FAO verilerine göre, dünya genelindeki deniz balık stoklarının yüzde 34.2'si artık sürdürülebilir sınırların üzerinde avlanıyor. Karadeniz'in Türkiye tarafı da bu tablonun dışında değil. Özellikle hamsi ve istavritte yüksek balıkçılık ölüm oranları dikkati çekiyor. Hamsi için bu oran 2008-2022 arasında 0.69 olarak tahmin ediliyor. Bu, stokun kendini yenileme hızından fazla bir tüketim anlamına geliyor. TÜİK verileri de bunu destekliyor: Hamsi avı 2019'da 262 bin tonken 2024'te 153 bin tona geriledi. Hamsi küçülüyor, erken göç ediyor ve daha az kıyıya uğruyor. Bu, yalnızca balıkçıların değil; sofraların da meselesi.

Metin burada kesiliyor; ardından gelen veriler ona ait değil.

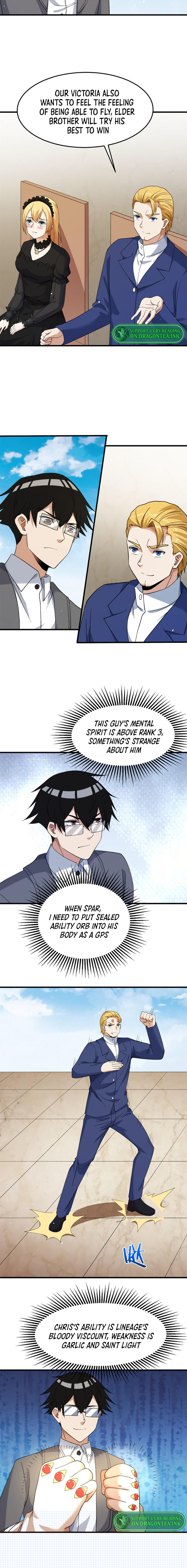 I Can Snatch 999 Types of Abilities — Chapter 129 — page 5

ASPIC modellemesine göre, Karadeniz'in hamsi taşıma kapasitesi 1.2 milyon ton. Ancak bu stokun kendini sürdürebilmesi için denizde en az 610 bin tonluk bir hamsi kitlesi olması gerekiyor. Bilimsel bir çalışmaya göre, 2022 yılındaki stok tahmini 399 bin tondu. Yani denizde yüzde 35 daha az hamsi var.(1)
Beklentiler yüksek ama
Tabii bu sene hamside av beklentisi yüksek. Sinop-Kastamonu Su Ürünleri Birliği Başkanı Turhan Öztürk, Tarım ve Orman Bakanlığı'nın belirlediği 400 bin tonluk av kotasına yaklaşılabileceğini belirtiyor. Karadeniz Bölgesi'nde bu yıl palamudun az olduğunu aktaran Öztürk, "Ama bu yıl denizde istavrit, lüfer ve çinekop var.
Hamsiyle ilgili ilk gelen veriler, hamsinin bol olacağı yönünde. Tabii hava şartlarına da bağlı" diyor. Öztürk'ün "hava şartları" diye açtığı parantez, küresel ısınmanın denizlerde yarattığı değişimle ilgili. Karadeniz'de deniz soğukluğu sıklığı artmaya başlamış. Ve bu durumun denizdeki dengeyi değiştirerek, balıklarda şok etkisi yarattığını anlatıyor Öztürk.
İklim krizi balığın yönünü şaşırttı
Benzer bir uyarı geçtiğimiz günlerde Prof. Dr. Meriç Albay'dan da geldi. Bu yılın temmuz ayının Türkiye'de son 55 yılın en sıcak ayı olarak kayıtlara geçtiğine vurgu yapan Albay, denizlerin alt katmanlarında da olumsuz değişimler yaşandığına dikkati çekti. Deniz suyu sıcaklıklarının 30 dereceyi aşmasıyla oksijen seviyeleri düşüyor. Bazı türler derin sulara çekilirken, bazıları kıyıya yaklaşmak zorunda kalıyor. WWF-Türkiye'nin verilerine göre, Marmara'da artan köpekbalığı ve vatoz gözlemleri de bu değişimin bir yansıması. Çünkü artık derinler oksijensiz.